Number of peers far exceeds lowWater/highWater settings

Hi,

I’m running IPFS on my desktop with the lowWater set to 50 and the highWater set to 300. I got these numbers from this topic. Do note that this has nothing to do with the Brave browser!

Now i’ve always suspected those numbers to be… not so meaningful as you can get a load more peers then you set. Or at least, it’s my impression that you set the minimal and maximal peers. Just very confusingly names with “water” as a suffix.

Now i wrote a tiny script to get my peers and log them in a file with a timestamp:

curr_date=$(date -u --rfc-3339=seconds)
num_peers=$(docker exec ipfs_host ipfs swarm peers | wc -l)
echo "$curr_date;$num_peers" >> ipfs_peer_count

Then, after some minutes i plot the result, that gives this surprising image:

The image contains about 10 minutes of log data.

Here i’m observing 2 things that i don’t get.

  1. As you can see, the number of peers i have a connection to is vastly higher then the “highWater”. Sometimes well over twice as much.
  2. Every minute the number of connected peers drops sharply! I has seen this happen in IPFS companion but never had the numbers to back it up.

I’m rather curious to know what exactly is happening here? There clearly is “some” peer eviscerating going on at nearly exactly every minute.

What i would’ve expected would be a line rapidly rising till about your highWater setting and bounce around that line for the application lifetime. Why bounce? Well, IPFS probably checks if peers are alive so every couple of seconds a few peers likely drop off and new ones get added. But i see no such thing in the graph…

What’s going on?

There’s an explanation here:

To be closed, a connection needs to have existed for more than GracePeriod seconds and be idle (unprotected by any subsystem).

I suspect the Peer manager kicks on a minute basis, but connections have increased to more than 600 by then. At that point it removes all the connections older than 30 seconds (or whatever configured).

Peer creep is normal otherwise… i’d say, particularly if actively using the node.

Hi Hector,

Thank you for that explanation!

Still, it looks very weird to set a max peer value that is then seemingly totally ignored.
I mean, what does “highWater” mean if it doesn’t limit the peers?

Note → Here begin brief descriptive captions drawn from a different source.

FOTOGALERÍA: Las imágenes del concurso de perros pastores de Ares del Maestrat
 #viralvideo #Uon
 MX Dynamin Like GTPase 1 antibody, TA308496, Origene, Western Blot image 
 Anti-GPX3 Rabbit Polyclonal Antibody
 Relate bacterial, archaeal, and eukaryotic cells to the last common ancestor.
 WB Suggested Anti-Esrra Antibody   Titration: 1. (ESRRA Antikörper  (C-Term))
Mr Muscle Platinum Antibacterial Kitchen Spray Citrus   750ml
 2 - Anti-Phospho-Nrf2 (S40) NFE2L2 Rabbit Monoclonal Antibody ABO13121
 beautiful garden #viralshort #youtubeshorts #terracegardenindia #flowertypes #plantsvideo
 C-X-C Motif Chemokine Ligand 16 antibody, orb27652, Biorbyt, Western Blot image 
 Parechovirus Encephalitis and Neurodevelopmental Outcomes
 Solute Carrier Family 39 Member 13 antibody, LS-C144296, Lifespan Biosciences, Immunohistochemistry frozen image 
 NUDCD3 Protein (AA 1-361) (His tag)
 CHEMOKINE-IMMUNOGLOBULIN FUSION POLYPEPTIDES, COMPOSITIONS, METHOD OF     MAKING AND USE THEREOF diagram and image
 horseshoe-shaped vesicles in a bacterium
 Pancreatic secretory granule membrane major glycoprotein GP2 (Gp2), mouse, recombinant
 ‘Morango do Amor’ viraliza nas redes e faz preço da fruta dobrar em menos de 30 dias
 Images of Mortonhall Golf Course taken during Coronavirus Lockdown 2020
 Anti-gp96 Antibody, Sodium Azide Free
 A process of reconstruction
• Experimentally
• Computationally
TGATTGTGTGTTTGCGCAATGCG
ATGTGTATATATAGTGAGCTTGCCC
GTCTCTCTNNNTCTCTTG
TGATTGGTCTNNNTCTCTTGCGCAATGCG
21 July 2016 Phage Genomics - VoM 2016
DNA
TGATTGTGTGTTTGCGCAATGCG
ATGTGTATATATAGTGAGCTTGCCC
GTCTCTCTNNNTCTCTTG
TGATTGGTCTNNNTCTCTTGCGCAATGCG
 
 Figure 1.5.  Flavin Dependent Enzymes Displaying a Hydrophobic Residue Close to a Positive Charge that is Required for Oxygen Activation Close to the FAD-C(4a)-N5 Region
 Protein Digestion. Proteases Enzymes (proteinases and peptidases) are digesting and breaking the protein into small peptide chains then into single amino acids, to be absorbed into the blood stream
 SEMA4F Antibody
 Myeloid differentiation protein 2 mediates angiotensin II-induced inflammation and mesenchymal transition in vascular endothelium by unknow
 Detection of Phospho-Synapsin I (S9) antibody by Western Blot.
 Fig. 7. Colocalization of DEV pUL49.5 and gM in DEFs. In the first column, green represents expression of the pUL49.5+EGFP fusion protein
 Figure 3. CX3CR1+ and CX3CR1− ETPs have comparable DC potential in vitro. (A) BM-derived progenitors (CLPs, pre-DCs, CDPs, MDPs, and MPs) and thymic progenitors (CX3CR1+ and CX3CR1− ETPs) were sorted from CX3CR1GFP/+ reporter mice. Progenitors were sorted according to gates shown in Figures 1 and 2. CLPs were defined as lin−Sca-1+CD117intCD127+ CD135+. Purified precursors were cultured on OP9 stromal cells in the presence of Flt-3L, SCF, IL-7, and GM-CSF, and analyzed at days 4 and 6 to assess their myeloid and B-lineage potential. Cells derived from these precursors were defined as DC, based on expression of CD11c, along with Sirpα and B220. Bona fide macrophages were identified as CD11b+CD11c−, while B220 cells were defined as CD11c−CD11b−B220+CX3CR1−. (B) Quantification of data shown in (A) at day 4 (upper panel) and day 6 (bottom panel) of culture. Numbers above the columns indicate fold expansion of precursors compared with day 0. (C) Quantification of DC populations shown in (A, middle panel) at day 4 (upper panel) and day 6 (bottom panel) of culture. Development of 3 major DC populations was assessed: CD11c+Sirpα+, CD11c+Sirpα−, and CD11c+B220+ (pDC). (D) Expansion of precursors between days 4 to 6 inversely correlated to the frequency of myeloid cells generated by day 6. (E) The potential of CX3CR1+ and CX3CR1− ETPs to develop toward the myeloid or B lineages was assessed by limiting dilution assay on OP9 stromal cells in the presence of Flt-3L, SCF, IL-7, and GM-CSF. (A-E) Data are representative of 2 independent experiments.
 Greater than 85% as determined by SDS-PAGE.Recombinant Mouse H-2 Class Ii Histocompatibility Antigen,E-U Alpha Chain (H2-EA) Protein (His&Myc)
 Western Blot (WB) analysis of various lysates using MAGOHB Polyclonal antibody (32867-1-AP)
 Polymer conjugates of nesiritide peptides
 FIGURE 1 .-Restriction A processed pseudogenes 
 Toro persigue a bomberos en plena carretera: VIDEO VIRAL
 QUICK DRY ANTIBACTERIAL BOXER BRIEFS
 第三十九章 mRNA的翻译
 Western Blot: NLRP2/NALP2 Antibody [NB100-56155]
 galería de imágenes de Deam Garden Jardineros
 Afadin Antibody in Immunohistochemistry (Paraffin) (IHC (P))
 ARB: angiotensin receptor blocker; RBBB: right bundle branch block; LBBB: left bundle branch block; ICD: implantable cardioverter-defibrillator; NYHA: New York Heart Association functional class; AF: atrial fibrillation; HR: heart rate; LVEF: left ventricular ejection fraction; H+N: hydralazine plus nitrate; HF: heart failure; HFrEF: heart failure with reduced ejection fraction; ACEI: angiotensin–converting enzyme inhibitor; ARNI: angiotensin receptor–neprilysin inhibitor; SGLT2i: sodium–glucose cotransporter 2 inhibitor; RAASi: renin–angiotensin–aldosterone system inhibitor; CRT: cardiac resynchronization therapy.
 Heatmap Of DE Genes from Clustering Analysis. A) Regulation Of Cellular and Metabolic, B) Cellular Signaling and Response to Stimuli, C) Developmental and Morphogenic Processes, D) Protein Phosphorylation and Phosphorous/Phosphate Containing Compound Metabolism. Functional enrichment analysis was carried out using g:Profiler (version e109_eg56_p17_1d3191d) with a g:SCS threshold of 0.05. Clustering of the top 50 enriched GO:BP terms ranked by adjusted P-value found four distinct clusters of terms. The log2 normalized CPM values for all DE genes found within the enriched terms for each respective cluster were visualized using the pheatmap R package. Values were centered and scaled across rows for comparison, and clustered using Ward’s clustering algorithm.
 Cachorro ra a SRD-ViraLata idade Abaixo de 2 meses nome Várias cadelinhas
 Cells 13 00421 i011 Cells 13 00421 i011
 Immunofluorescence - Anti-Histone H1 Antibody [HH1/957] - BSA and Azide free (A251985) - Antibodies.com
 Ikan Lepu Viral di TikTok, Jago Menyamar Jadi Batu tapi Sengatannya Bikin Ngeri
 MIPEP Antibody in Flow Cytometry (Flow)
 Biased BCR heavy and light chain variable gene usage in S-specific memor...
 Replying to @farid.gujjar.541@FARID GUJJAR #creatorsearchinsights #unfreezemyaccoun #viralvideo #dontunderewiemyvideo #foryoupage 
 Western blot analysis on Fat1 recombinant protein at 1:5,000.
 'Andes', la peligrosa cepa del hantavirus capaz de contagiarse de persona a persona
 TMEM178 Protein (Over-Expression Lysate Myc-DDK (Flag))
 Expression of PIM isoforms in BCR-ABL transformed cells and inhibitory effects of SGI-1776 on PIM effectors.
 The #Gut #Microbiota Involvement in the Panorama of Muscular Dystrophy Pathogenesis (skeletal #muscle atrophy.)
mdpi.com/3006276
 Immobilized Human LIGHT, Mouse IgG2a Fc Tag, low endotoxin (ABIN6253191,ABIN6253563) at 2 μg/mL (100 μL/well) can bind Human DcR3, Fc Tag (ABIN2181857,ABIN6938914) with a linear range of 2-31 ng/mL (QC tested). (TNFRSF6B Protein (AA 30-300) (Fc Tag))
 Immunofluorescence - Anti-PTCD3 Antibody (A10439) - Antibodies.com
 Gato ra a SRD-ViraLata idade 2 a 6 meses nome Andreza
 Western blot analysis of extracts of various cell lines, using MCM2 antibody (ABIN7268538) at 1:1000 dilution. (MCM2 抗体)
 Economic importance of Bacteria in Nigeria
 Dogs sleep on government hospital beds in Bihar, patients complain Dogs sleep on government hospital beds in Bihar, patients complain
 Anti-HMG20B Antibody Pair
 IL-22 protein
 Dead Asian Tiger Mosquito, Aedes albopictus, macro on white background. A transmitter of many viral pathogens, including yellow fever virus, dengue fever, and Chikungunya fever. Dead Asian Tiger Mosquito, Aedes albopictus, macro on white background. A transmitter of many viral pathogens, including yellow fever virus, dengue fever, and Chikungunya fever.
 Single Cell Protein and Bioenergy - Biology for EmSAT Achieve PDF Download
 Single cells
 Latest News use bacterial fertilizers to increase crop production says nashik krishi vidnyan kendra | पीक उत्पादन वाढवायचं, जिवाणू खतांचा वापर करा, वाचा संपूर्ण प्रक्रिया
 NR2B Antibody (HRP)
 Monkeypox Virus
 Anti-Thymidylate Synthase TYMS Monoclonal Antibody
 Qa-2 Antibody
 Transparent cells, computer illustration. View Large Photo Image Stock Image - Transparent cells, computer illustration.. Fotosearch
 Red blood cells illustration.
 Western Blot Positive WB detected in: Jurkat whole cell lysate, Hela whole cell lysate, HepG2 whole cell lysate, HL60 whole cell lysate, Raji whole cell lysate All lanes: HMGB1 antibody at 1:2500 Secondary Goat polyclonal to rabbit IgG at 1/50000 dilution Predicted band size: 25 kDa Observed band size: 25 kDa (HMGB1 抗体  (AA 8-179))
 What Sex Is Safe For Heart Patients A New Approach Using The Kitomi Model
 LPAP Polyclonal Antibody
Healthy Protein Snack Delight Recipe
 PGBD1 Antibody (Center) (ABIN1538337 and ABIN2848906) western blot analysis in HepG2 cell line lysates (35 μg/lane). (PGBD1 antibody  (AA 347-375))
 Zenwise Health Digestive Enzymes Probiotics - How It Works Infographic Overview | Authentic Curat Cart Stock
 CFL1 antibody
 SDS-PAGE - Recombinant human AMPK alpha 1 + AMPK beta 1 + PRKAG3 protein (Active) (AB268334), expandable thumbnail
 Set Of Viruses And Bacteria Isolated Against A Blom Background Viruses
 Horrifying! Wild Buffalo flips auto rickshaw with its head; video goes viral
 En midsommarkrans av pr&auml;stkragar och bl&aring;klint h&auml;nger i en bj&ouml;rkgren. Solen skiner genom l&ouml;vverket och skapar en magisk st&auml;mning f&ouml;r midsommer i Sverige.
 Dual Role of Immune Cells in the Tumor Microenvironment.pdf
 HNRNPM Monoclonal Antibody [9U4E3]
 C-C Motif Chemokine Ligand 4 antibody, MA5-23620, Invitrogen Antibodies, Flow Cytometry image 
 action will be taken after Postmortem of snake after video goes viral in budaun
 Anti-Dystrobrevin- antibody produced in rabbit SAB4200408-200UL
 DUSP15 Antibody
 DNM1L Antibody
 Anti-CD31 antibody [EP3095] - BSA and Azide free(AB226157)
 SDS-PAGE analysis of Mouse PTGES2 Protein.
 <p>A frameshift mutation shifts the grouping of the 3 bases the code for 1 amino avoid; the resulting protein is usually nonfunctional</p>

And why would peers be added if there are idle peers and if the total number of peers is already above the “highWater” limit?

It’s not ignored. When the reaper comes, it only acts because peers are over that value.

Peers increase because it is needed to perform dht lookups, to keep connections healthy and fresh etc. probably it could be less agressive but the components increasing the connections do not have visibility into the fact that they are limited, so they do what they need and then the peer manager comes in to clean up. (I think, not super familiar with this).

Interesting! As the node that you saw the numbers from is a node with a blank-slate startup. It hasn’t visited any ipfs content yet and isn’t pinning anything yet. It’s literally a fresh startup out of the box + that “water” configuration.

I don’t get why peers would increase for “dht lookups” if there are already enough peers connected. I get your point though, if there is a DHT lookup to some content that i don’t have and that none of my directly connected peers have then new connections probably need to be made to reach nodes that do have this data.

Ouch. It might work for IPFS but that sounds like a bit of a brute force way. Just connect however it pleases, the peer manager will come and clean up.

I’m asking this because there are modems out there that don’t like one opening up many connections and crash. Changing the “water” then helps a bit, but as my numbers show, it’s not a fixed upper limit. Now i am not in this situation, my modem doesn’t seem to care, but i was with an older one.

Yes, I think this is a problem. I’ve verified my suspicion: the connection manager runs on 1 minute interval:

If the amount of connections can grow by 300 in that interval, it is not too helpful in keeping things like memory consumption in check, or in keeping IPFS friendly with shitty routers. I was going to open an issue but there is one already: Trim frequency should never be lower than the grace period. · Issue #51 · libp2p/go-libp2p-connmgr · GitHub

I’ll mention it to libp2p devs, see if someone can take a closer look.

Thank you for looing into it! :slight_smile:

While that sounds awesome, the proposed solution is like “graceperiod/2”…
That might give the appearance of it working properly. Simply because it would - in this specific case - by trimmed every 10 seconds or so. It still means a lot of connections are opened/closed per second even. With more rapid trimming you don’t prevent equally many connections to be opened, you only prevent they being kept open.

You cannot have both:

  1. Do not let new connections to be formed because you already have enough
  2. Lookup and find and provide content to the network

Number 2 requires opening new connections to new places. It is better to let that happens, but be able to quickly cleanup connections that exist but became unused (as needed).

Hmm, that does sound quite sensible!

Still, 300 connections/minute… It makes me eager to know what it’s doing exactly. Sure, it might be making DHT connections. If that assumption is correct, is that for ipfs to be as ready as it can be just incase someone asks it to lookup a resource?